**REQUIRED ACTION:**
Copy out the data word for word. The images are not part of the copy.

**SUPPLIED DATA:**
━━━━━━━━━━━━━━━━━━━━━━━━━━━━━━

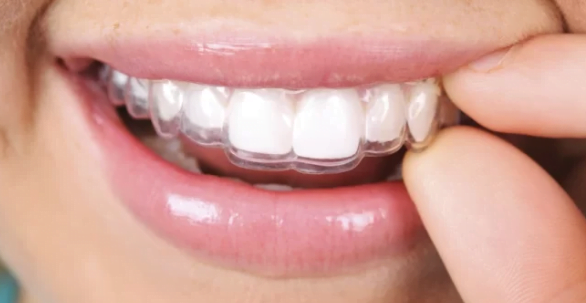 Giá niềng răng Invisalign bao nhiêu?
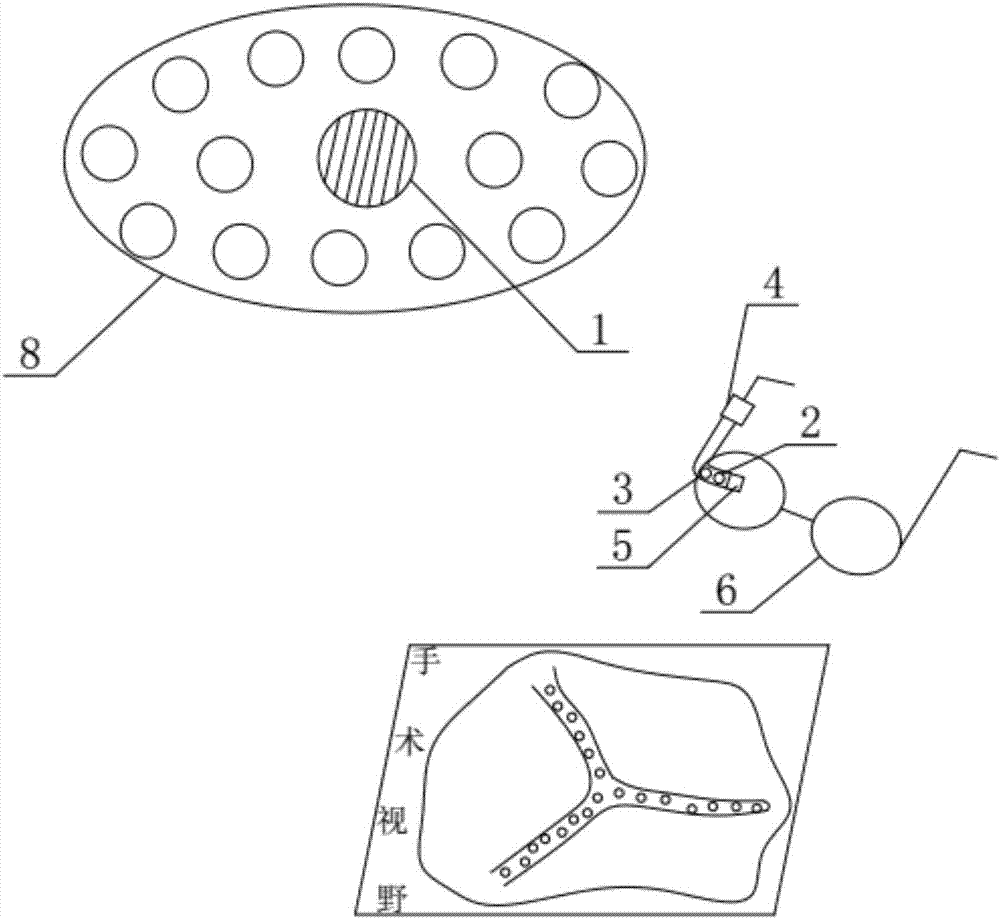 Optical navigation system for surgeries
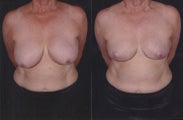 Breast Reduction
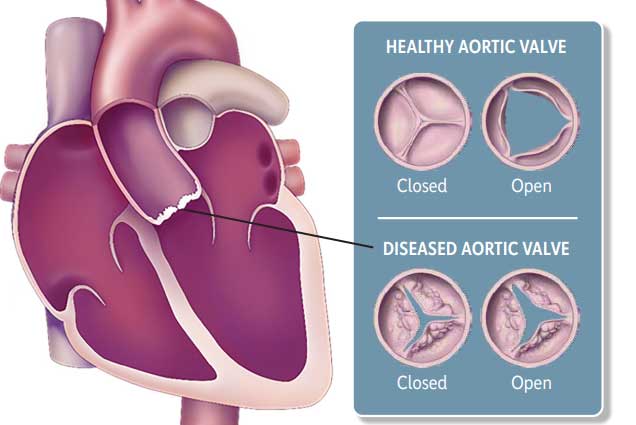 Answers by Heart sheet on aortic stenosis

━━━━━━━━━━━━━━━━━━━━━━━━━━━━━━

**ANSWER TO THE PROBLEM:**
 Giá niềng răng Invisalign bao nhiêu?
 Optical navigation system for surgeries
 Breast Reduction
 Answers by Heart sheet on aortic stenosis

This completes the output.